_Task item_
Output range, inclusive: from the line containing "Isover vario multitape - isover, multitape+" to the line containing "Снимка 8 от". Restate those lines from the data below word for word and only those.

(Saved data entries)
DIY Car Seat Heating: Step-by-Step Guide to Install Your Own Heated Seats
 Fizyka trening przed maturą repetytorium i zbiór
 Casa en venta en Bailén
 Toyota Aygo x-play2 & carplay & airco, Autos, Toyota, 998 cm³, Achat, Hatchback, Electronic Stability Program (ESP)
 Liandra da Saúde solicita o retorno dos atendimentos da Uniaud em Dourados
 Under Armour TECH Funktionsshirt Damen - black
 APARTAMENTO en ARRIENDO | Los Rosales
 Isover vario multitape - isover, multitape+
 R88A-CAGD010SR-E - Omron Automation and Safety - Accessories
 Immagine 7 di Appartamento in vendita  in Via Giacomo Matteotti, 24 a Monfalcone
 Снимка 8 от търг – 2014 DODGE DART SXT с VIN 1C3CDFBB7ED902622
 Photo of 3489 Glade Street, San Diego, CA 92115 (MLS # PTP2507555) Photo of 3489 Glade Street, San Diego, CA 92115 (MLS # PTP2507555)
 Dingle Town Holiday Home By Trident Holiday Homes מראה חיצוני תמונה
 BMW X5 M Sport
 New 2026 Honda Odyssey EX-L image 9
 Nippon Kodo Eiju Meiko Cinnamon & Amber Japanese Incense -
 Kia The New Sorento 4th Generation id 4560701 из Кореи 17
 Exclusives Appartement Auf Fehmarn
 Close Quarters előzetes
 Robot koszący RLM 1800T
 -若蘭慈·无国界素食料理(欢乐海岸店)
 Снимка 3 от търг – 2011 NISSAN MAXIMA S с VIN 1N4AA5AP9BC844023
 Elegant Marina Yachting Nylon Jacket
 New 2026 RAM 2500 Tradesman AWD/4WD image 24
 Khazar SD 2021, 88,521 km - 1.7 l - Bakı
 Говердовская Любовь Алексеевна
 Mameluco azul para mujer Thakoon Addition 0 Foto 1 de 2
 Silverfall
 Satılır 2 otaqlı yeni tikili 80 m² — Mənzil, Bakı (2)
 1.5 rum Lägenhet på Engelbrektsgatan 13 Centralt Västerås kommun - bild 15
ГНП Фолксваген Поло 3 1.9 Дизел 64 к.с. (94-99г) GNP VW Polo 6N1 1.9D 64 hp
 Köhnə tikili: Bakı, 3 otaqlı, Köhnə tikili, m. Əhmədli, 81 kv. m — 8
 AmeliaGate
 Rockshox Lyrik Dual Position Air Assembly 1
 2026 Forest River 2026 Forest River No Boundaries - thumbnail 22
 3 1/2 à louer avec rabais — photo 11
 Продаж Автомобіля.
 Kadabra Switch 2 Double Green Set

_Result of this task_
 Isover vario multitape - isover, multitape+
 R88A-CAGD010SR-E - Omron Automation and Safety - Accessories
 Immagine 7 di Appartamento in vendita  in Via Giacomo Matteotti, 24 a Monfalcone
 Снимка 8 от търг – 2014 DODGE DART SXT с VIN 1C3CDFBB7ED902622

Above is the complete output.